■ **What the exercise asks**
Beginning with the line that has "Young woman in", reproduce each remaining line of the data exactly, down to and including the last.

*** Opening of Data to process ***

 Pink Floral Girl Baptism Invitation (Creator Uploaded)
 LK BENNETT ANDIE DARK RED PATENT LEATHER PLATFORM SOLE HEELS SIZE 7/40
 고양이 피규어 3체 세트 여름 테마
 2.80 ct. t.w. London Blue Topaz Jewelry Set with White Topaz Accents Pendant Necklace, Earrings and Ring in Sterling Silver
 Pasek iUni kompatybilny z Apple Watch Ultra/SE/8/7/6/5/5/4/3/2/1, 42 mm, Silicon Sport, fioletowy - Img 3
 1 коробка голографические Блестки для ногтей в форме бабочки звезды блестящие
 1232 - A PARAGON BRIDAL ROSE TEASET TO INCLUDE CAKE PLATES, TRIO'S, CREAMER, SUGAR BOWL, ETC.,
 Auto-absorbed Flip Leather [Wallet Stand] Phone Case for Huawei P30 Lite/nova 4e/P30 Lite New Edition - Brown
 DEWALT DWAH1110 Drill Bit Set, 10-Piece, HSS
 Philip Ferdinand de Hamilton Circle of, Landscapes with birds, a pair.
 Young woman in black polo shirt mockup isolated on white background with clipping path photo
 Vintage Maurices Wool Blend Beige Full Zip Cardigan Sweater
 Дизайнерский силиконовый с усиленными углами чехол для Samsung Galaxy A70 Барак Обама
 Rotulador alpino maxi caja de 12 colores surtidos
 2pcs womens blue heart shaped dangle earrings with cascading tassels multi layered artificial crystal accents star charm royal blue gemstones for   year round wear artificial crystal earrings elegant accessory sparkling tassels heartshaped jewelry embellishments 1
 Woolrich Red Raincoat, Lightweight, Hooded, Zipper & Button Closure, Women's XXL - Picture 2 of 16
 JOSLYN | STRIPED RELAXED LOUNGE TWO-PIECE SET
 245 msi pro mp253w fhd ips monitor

*** Close of Data to process ***

■ **Answer to the problem**
 Young woman in black polo shirt mockup isolated on white background with clipping path photo
 Vintage Maurices Wool Blend Beige Full Zip Cardigan Sweater
 Дизайнерский силиконовый с усиленными углами чехол для Samsung Galaxy A70 Барак Обама
 Rotulador alpino maxi caja de 12 colores surtidos
 2pcs womens blue heart shaped dangle earrings with cascading tassels multi layered artificial crystal accents star charm royal blue gemstones for   year round wear artificial crystal earrings elegant accessory sparkling tassels heartshaped jewelry embellishments 1
 Woolrich Red Raincoat, Lightweight, Hooded, Zipper & Button Closure, Women's XXL - Picture 2 of 16
 JOSLYN | STRIPED RELAXED LOUNGE TWO-PIECE SET
 245 msi pro mp253w fhd ips monitor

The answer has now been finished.